Nos perdíamos por las calles y mercados callejeros y luego descansábamos en la ribera del Nilo donde almorzábamos en inmensos barcos restaurantes donde no había nadie. Empezábamos a entender que El Cairo se ha quedado sin turistasy hasta hay una cierta apatía en los vendedores ambulantes que dudan si ofrecerte una talla de la esfinge o un casco por si comienza el baile.
Así llegábamos a nuestro barrio, zona de la calle Talaat Harb, que cada noche se convertía en nuestro refugio del Cairo. Bajábamos al maravilloso café Riche, donde el fantasma de Mahfuz escribe aún versos en las servilletas que recitan cada noche los ancianos que allí cohabitan. O desayunábamos a primera mañana en el J Groppi, una vieja heladería de 1892 que hizo un pacto con el diablo para no mudar nada. O terminábamos tomando una copa en el bar Estoril, en su barra sin luz de ambiente canalla.
Ese era nuestro Cairo, ese trozo. Poco para su grandiosidad. Entonces decidimos irnos a ver las Pirámides de Giza ya que nuestros papeles se retrasaban. Y hay tanto dicho y escrito de este lugar que yo poco puedo aportar que no sea redundar en tanta palabra. Paralizan, magnetizan, emocionan... Nada se entiende porque este es otro de esos imposibles que contemplas a tientas. Miras y no crees.

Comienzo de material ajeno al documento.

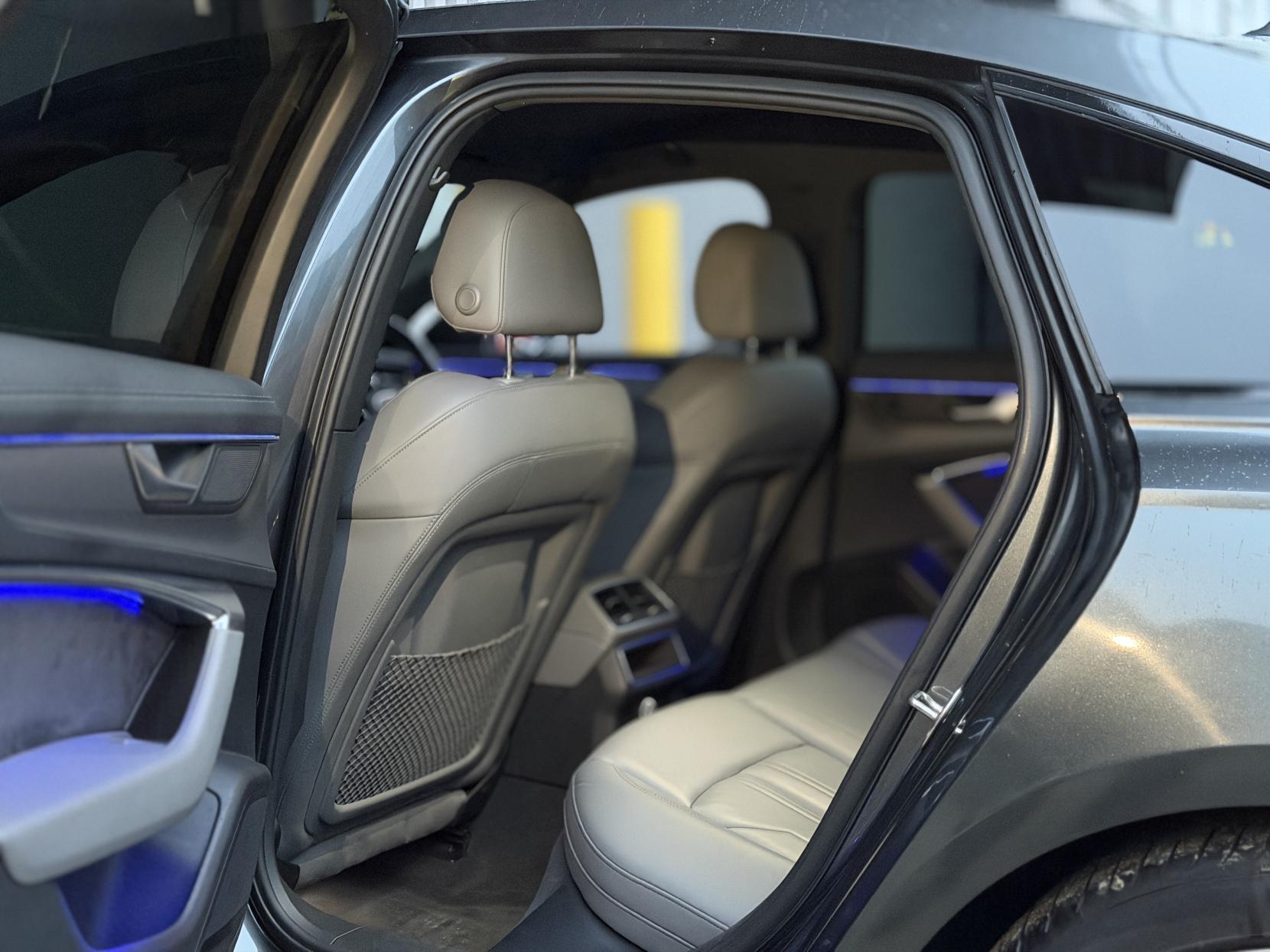 Audi A6 Saloon 2.0 TDI 40 S line Saloon 4dr Diesel S Tronic Euro 6 (s/s) (204 ps)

Y luego decidimos ir a visitar en metro el bonito barrio copto del Cairo donde sus iglesias huelen a incienso y a alfombras añejas. Tierra de viejos cristianos que se desperdigan por esta vieja tierra (viven cerca de 10 millones de coptos en Egipto). Y ya decididos, mientras cambiaba nuestra relación con la urbe y su entorno, nos fuimos también a Memphis y Saqqara, donde está la pirámide de Zoser, la más antigua de Egipto que amenaza con derrumbarse, advierten los científicos, si sigue condenada al olvido.
También vimos las pirámides de Dahshur con el privilegio de ser las únicas personas que allí estaban y de poder andar solos por sus entrañas. Y tomábamos un té en el Marriott y comprábamos baratijas inservibles junto a la estación de tren. Y de pronto, ocho días después de nuestra llegada, sonó el teléfono y nos confirmaron que nuestro carnet du passage estaba en la embajada portuguesa que con tanta dedicación nos había ayudado junto al Club del Automóvil de Portugal. Y aquella noche salimos a celebrar que nos íbamos a Damietta a recoger nuestro coche y seguir el viaje.
Y olvidamos la capa de polvo y tristeza que tiene el lugar y nos despedimos con la sensación de, al menos, haberlo empatado. Y así fue todo hasta que aquella mañana, temprano, desde la ventana del Golden Hotel vimos tanques colocándose en las inmediaciones de la plaza Tahrir y el dueño de la pensión nos dijo con los ojos apagados que «no hay solución para este país» y de alguna manera todo se hizo gris y partimos con una mezcla de alegría y tristeza.